In total, it adds 146 lines of code, can be fully disabled via a compile-time
option without any performance penalty and when enabled, it was able allocate
about 70% of physical memory in 4MiB contiguous chunks after a heavy set of
benchmarks completed.

This gives best-effort for low fragmentation in all zones. Fully guaranteed
reclaim for hotplug and high order allocation in a zone would require a
zone. Full benchmarks are below the Changelog, but here is the summary

			clean		anti-frag
Kernel extract		14		14		(no difference)
Kernel build		741		741		(no difference)
aim9-page_test		131762.75	134311.90	+2549.15  (1.93%)
aim9-brk_test		586206.90	597167.14	+10960.24 (1.87%)
HugePages under load	60		86		+26     (+43%)
HugePages after tests	141		242		+101	(+71%)

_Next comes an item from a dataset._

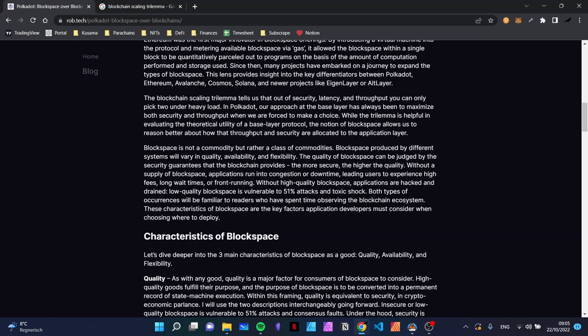Block space is not a commodity but rather a class of commodities. Block space produced by different systems will vary in quality, availability, and flexibility. The quality of block space can be judged by the security guarantees the blockchain provides — the more secure, the higher the quality. Without the supply of block space, applications run into congestion or downtime, leading users to experience high fees, long wait times, or front running. Without high quality block space, applications are hacked and strained. Low quality block space is vulnerable to 51% attacks and toxic shock.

The majorify of the aim9 results measured are within 1% of the standard
allocator. Kernel compiles vary sometimes by about 1-2 seconds or about
0.1%. The HugeTLB pages under load was 7 simulatanous kernel compiles,
each -j1.

When anti-frag is disabled via the config option, it behaves and performs just
like the standard allocator with no performance impact I can measure. When it
is enabled, there are definite variances but they are small and on loads like
kernel builds, it makes less than 3 seconds of a difference over 12 minutes.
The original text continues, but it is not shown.